Currently WTF::String always uses 16-bit buffers. This can be wasteful, because many strings only contain characters which are 8-bit.

I did some testing on various sites, and found there would be savings of 500k-2MB (3-5% total memory usage) if we managed to store all the strings that don't contain double-byte characters in 8-bit buffers. Getting this right would definitely be difficult, but I think it's worth investigating.
Comment 1 Gavin Barraclough 2011-08-12 15:56:52 PDT
Hi Annie,

Great! - this is definitely something we're keen to see happen.

What are your current plans?  I'm assuming any approach will involve a flag in the StringImpl indicating the format of the character data.  Clearly in many cases where we currently access characters in the string we could be agnostic as to how the data is stored (e.g. change code that calls to characters() to get a const UChar* to instead access one character at a time), however doing so in all cases will be tricky.  One question would be, what do you plan on doing for more difficult cases where we have code expecting to be able to read UFT16 data?  A set of obvious options would seem to be:

(1) Fix them all, make the entire codebase 8-bit string safe, never need to convert or copy.
(2) Create a temporary UTF16 copy as necessary (i.e. when a method that needs a const UChar* is called).
(3) Convert 8-bit strings up to UTF16 when necessary, retaining only the UTF16 copy and freeing the 8-bit source.
(4) Convert 8-bit strings up to UTF16 when necessary, retaining both the UTF16 and 8-bit representations.
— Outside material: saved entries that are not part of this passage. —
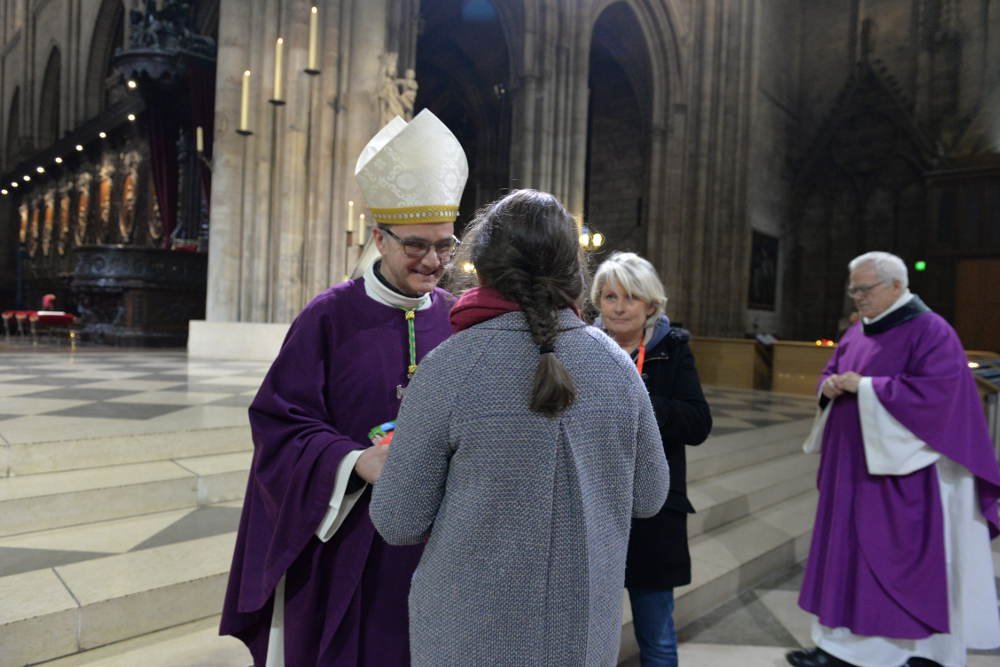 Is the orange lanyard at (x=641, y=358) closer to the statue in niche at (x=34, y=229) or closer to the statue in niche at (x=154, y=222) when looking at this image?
the statue in niche at (x=154, y=222)

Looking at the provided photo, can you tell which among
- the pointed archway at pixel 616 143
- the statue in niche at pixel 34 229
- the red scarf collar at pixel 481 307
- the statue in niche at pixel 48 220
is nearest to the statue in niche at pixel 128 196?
the statue in niche at pixel 48 220

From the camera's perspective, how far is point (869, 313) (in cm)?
292

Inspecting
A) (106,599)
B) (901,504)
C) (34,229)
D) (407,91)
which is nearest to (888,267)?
(901,504)

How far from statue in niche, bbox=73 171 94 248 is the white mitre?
16395 millimetres

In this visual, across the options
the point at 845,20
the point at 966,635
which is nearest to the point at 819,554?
the point at 966,635

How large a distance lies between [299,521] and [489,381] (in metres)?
0.61

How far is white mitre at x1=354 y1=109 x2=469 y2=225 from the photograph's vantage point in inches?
58.3

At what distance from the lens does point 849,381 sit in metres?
2.85

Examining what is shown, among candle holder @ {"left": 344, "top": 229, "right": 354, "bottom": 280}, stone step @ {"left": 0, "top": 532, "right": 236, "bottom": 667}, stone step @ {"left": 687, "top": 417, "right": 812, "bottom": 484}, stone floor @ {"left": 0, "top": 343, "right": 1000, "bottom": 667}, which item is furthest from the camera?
candle holder @ {"left": 344, "top": 229, "right": 354, "bottom": 280}

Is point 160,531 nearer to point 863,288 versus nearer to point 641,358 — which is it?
point 641,358

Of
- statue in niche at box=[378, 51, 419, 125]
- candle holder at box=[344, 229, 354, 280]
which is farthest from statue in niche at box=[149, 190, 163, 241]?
statue in niche at box=[378, 51, 419, 125]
(1) Is probably the best option, but is also probably the most work.
(2) Could be a performance regression, if a string may be repeatedly converted.
(3) May be difficult since the underlying buffers of StringImpls may be shared when substrings are created (one StringImpl may have a pointer into another's buffer).  [This may also be fixable, e.g. we could make strings we an offset relative to their buffer's base, or give buffers access to the list of StringImpls referencing them].
(4) In a pathological case would mean that instead of saving 50% of memory used for string data you would start using 150%!

What are your current plans?  Did you have another course of action in mind?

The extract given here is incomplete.